_WORK REQUEST_. Please retype all the data below exactly, line for line.

_INFORMATION_.
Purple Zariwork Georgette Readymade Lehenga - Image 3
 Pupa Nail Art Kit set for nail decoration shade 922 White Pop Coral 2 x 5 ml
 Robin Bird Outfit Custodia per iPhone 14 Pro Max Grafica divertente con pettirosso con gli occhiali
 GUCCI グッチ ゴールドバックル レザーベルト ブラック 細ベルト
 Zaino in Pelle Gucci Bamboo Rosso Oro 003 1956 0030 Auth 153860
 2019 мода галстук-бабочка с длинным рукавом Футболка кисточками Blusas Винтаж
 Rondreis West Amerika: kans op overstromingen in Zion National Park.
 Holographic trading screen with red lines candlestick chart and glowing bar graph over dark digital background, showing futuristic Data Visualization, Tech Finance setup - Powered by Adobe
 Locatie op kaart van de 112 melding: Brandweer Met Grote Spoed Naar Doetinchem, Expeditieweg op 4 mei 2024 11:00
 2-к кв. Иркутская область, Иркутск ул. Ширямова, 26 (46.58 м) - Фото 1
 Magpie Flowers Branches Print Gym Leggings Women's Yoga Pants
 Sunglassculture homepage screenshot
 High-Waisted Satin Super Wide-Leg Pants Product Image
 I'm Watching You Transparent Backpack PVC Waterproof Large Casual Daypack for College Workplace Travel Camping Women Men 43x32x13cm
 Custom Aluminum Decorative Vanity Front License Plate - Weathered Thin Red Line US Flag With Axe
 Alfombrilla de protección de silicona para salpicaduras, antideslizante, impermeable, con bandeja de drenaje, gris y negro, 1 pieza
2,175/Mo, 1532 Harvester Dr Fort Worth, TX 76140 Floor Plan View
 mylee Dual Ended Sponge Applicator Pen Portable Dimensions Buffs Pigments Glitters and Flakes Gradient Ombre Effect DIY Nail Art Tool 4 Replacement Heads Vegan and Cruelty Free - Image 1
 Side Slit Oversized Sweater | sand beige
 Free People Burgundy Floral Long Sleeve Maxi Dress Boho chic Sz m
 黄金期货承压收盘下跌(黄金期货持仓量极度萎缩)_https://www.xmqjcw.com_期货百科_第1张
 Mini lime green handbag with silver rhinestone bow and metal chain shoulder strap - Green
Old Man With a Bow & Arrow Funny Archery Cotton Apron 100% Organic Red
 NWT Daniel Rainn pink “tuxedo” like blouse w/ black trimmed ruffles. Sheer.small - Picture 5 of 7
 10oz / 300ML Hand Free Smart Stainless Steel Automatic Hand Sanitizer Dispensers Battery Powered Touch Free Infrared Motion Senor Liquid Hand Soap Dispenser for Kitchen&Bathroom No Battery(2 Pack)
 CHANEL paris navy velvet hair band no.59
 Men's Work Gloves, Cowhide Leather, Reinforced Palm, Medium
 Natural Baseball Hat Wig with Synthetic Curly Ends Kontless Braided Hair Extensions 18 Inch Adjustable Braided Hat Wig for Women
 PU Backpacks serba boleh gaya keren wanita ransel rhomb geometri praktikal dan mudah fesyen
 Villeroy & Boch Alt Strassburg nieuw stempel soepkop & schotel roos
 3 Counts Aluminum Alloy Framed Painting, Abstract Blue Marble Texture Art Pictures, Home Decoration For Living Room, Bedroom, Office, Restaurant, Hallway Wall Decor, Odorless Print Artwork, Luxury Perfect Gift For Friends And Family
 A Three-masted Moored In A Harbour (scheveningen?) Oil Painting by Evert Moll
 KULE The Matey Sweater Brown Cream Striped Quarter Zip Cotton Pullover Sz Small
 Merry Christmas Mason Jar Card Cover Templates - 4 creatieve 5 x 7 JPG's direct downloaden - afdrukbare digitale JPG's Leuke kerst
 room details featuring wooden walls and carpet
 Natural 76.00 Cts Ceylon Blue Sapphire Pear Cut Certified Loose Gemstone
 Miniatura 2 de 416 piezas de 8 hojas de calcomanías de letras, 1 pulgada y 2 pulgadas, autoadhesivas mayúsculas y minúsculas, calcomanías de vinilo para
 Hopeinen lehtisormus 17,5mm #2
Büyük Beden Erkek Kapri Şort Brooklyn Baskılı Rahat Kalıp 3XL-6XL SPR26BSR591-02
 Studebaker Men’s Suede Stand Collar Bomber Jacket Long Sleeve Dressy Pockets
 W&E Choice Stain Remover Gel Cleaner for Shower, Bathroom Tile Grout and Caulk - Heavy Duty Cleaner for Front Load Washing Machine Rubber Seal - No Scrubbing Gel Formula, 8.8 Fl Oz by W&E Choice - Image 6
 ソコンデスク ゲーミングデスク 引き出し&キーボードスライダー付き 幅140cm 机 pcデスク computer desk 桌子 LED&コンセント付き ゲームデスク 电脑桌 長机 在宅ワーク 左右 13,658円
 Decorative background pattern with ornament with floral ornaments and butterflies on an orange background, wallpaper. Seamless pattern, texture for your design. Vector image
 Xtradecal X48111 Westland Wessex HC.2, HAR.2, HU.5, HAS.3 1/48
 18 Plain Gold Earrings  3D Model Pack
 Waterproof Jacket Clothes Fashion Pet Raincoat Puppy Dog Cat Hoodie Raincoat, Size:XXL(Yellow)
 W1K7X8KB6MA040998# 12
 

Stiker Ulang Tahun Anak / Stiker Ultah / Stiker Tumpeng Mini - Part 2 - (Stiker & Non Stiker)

_WRITTEN RESPONSE_.
Purple Zariwork Georgette Readymade Lehenga - Image 3
 Pupa Nail Art Kit set for nail decoration shade 922 White Pop Coral 2 x 5 ml
 Robin Bird Outfit Custodia per iPhone 14 Pro Max Grafica divertente con pettirosso con gli occhiali
 GUCCI グッチ ゴールドバックル レザーベルト ブラック 細ベルト
 Zaino in Pelle Gucci Bamboo Rosso Oro 003 1956 0030 Auth 153860
 2019 мода галстук-бабочка с длинным рукавом Футболка кисточками Blusas Винтаж
 Rondreis West Amerika: kans op overstromingen in Zion National Park.
 Holographic trading screen with red lines candlestick chart and glowing bar graph over dark digital background, showing futuristic Data Visualization, Tech Finance setup - Powered by Adobe
 Locatie op kaart van de 112 melding: Brandweer Met Grote Spoed Naar Doetinchem, Expeditieweg op 4 mei 2024 11:00
 2-к кв. Иркутская область, Иркутск ул. Ширямова, 26 (46.58 м) - Фото 1
 Magpie Flowers Branches Print Gym Leggings Women's Yoga Pants
 Sunglassculture homepage screenshot
 High-Waisted Satin Super Wide-Leg Pants Product Image
 I'm Watching You Transparent Backpack PVC Waterproof Large Casual Daypack for College Workplace Travel Camping Women Men 43x32x13cm
 Custom Aluminum Decorative Vanity Front License Plate - Weathered Thin Red Line US Flag With Axe
 Alfombrilla de protección de silicona para salpicaduras, antideslizante, impermeable, con bandeja de drenaje, gris y negro, 1 pieza
2,175/Mo, 1532 Harvester Dr Fort Worth, TX 76140 Floor Plan View
 mylee Dual Ended Sponge Applicator Pen Portable Dimensions Buffs Pigments Glitters and Flakes Gradient Ombre Effect DIY Nail Art Tool 4 Replacement Heads Vegan and Cruelty Free - Image 1
 Side Slit Oversized Sweater | sand beige
 Free People Burgundy Floral Long Sleeve Maxi Dress Boho chic Sz m
 黄金期货承压收盘下跌(黄金期货持仓量极度萎缩)_https://www.xmqjcw.com_期货百科_第1张
 Mini lime green handbag with silver rhinestone bow and metal chain shoulder strap - Green
Old Man With a Bow & Arrow Funny Archery Cotton Apron 100% Organic Red
 NWT Daniel Rainn pink “tuxedo” like blouse w/ black trimmed ruffles. Sheer.small - Picture 5 of 7
 10oz / 300ML Hand Free Smart Stainless Steel Automatic Hand Sanitizer Dispensers Battery Powered Touch Free Infrared Motion Senor Liquid Hand Soap Dispenser for Kitchen&Bathroom No Battery(2 Pack)
 CHANEL paris navy velvet hair band no.59
 Men's Work Gloves, Cowhide Leather, Reinforced Palm, Medium
 Natural Baseball Hat Wig with Synthetic Curly Ends Kontless Braided Hair Extensions 18 Inch Adjustable Braided Hat Wig for Women
 PU Backpacks serba boleh gaya keren wanita ransel rhomb geometri praktikal dan mudah fesyen
 Villeroy & Boch Alt Strassburg nieuw stempel soepkop & schotel roos
 3 Counts Aluminum Alloy Framed Painting, Abstract Blue Marble Texture Art Pictures, Home Decoration For Living Room, Bedroom, Office, Restaurant, Hallway Wall Decor, Odorless Print Artwork, Luxury Perfect Gift For Friends And Family
 A Three-masted Moored In A Harbour (scheveningen?) Oil Painting by Evert Moll
 KULE The Matey Sweater Brown Cream Striped Quarter Zip Cotton Pullover Sz Small
 Merry Christmas Mason Jar Card Cover Templates - 4 creatieve 5 x 7 JPG's direct downloaden - afdrukbare digitale JPG's Leuke kerst
 room details featuring wooden walls and carpet
 Natural 76.00 Cts Ceylon Blue Sapphire Pear Cut Certified Loose Gemstone
 Miniatura 2 de 416 piezas de 8 hojas de calcomanías de letras, 1 pulgada y 2 pulgadas, autoadhesivas mayúsculas y minúsculas, calcomanías de vinilo para
 Hopeinen lehtisormus 17,5mm #2
Büyük Beden Erkek Kapri Şort Brooklyn Baskılı Rahat Kalıp 3XL-6XL SPR26BSR591-02
 Studebaker Men’s Suede Stand Collar Bomber Jacket Long Sleeve Dressy Pockets
 W&E Choice Stain Remover Gel Cleaner for Shower, Bathroom Tile Grout and Caulk - Heavy Duty Cleaner for Front Load Washing Machine Rubber Seal - No Scrubbing Gel Formula, 8.8 Fl Oz by W&E Choice - Image 6
 ソコンデスク ゲーミングデスク 引き出し&キーボードスライダー付き 幅140cm 机 pcデスク computer desk 桌子 LED&コンセント付き ゲームデスク 电脑桌 長机 在宅ワーク 左右 13,658円
 Decorative background pattern with ornament with floral ornaments and butterflies on an orange background, wallpaper. Seamless pattern, texture for your design. Vector image
 Xtradecal X48111 Westland Wessex HC.2, HAR.2, HU.5, HAS.3 1/48
 18 Plain Gold Earrings  3D Model Pack
 Waterproof Jacket Clothes Fashion Pet Raincoat Puppy Dog Cat Hoodie Raincoat, Size:XXL(Yellow)
 W1K7X8KB6MA040998# 12
 

Stiker Ulang Tahun Anak / Stiker Ultah / Stiker Tumpeng Mini - Part 2 - (Stiker & Non Stiker)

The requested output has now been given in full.